Properti

KUR Perumahan, Dari Pondasi Rumah ke Pondasi Ekonomi Rakyat

ADA pepatah bilang, “rumahku adalah istanaku”. Nah, kalau istana cuma bisa dimiliki raja, rumah subsidi bisa dimiliki rakyat jelata lewat program KUR Perumahan. Jangan salah, dari tembok bata yang tampak sederhana itu bisa lahir perputaran ekonomi yang bikin kepala pengamat ekonomi manggut-manggut, sekaligus bikin pedagang warteg di dekat proyek perumahan ikut tersenyum lebar.

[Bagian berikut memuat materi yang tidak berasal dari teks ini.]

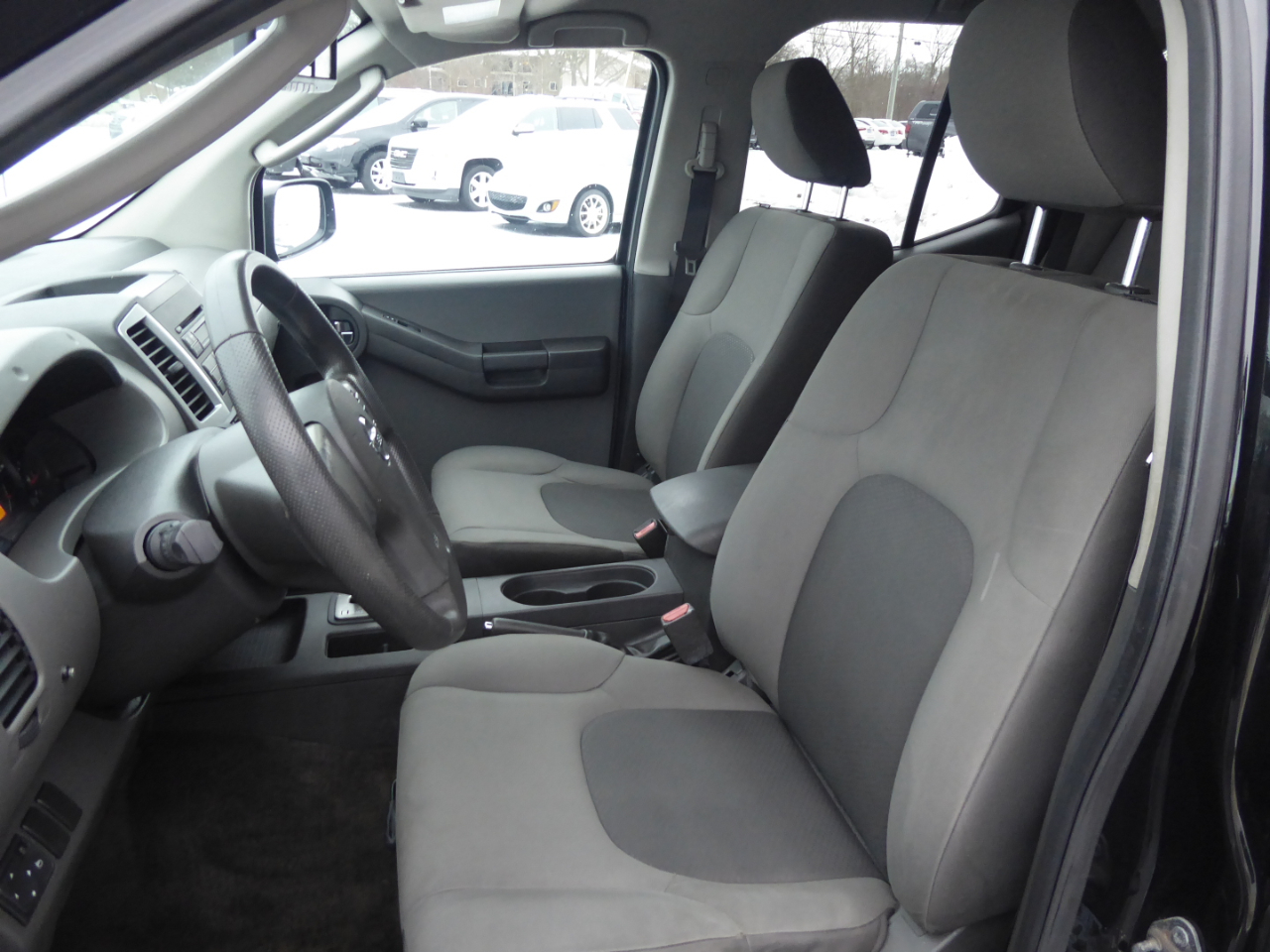 Nissan Xterra S 4WD 2012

Menteri Perumahan dan Kawasan Permukiman (PKP), Maruarar Sirait, baru-baru ini menekankan pentingnya KUR Perumahan sebagai terobosan baru. Angka yang dilemparnya cukup bikin mata melotot, yakni 350 ribu unit rumah subsidi akan dibangun, dan setiap satu rumah minimal menyerap lima tenaga kerja. Kalau dikalikan, jadinya 1,65 juta orang punya pekerjaan.

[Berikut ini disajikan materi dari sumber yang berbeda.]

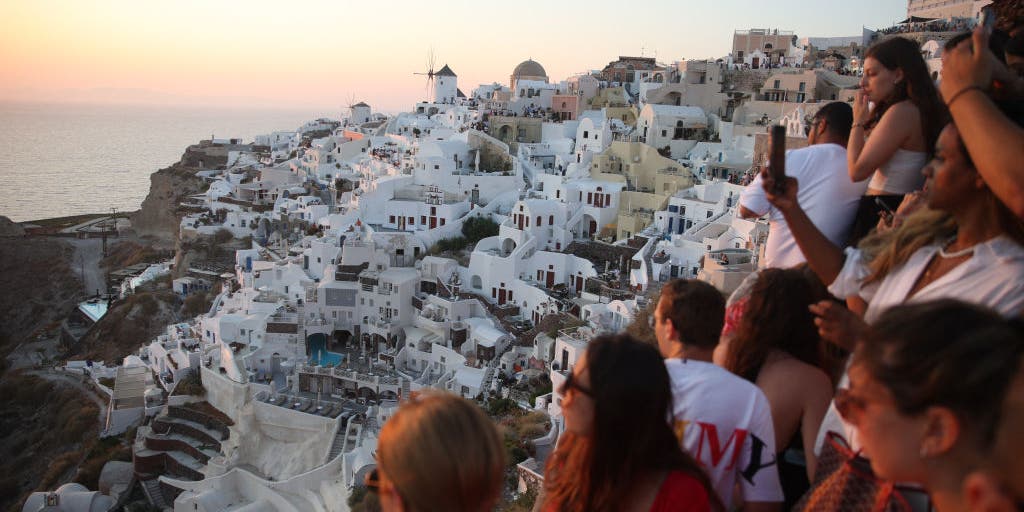 Greece’s tourism hotspot Santorini rattled by increasing seismic activity Greece's tourism hotspot Santorini rattled by increasing seismic activity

Itu baru hitungan tukang, belum ibu-ibu penjual gorengan di pinggir proyek yang omzetnya bisa naik gara-gara tukang butuh camilan sore.

Ibaratnya, program ini bukan cuma soal bikin atap genteng, tapi bikin atap ekonomi yang menaungi banyak keluarga, dari semen, pasir, hingga mie instan di warung sekitar, semuanya kena efek domino. Kalau biasanya orang bilang ekonomi itu rumit, lewat program ini bisa dijelaskan sederhana pasang pondasi rumah, pondasi ekonomi ikut berdiri.

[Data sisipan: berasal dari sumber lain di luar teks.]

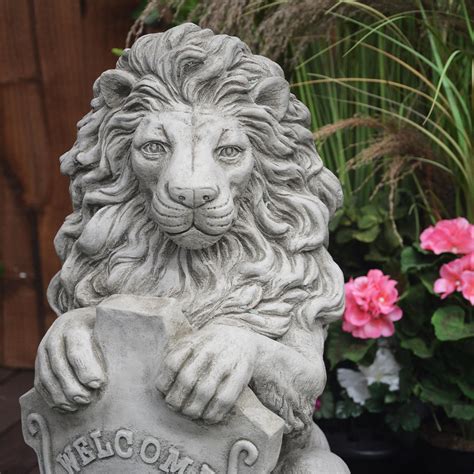 Classic Statue Cheap Garden Ornaments Lion Statues With Shield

Bayangkan percakapan dua tukang di warung kopi “Bang, sekarang kerjaan lancar nggak?”
“Alhamdulillah, lagi kebagian proyek rumah subsidi, jadi tiap hari bisa ngopi tanpa ngutang”

Lucu tapi nyata, inilah dagelan manis KUR Perumahan, dana yang disalurkan bukan hanya jadi kredit, tapi juga jadi alasan banyak tukang bisa pulang dengan senyum ke keluarganya, developer kecil yang biasanya susah dapat pembiayaan, sekarang bisa mengakses bunga subsidi.

Analogi gampangnya begini, kalau biasanya developer ibarat pemain bola tanpa sepatu, sekarang pemerintah kasih sepatu plus kaos tim. Tinggal mainnya aja jangan bikin blunder.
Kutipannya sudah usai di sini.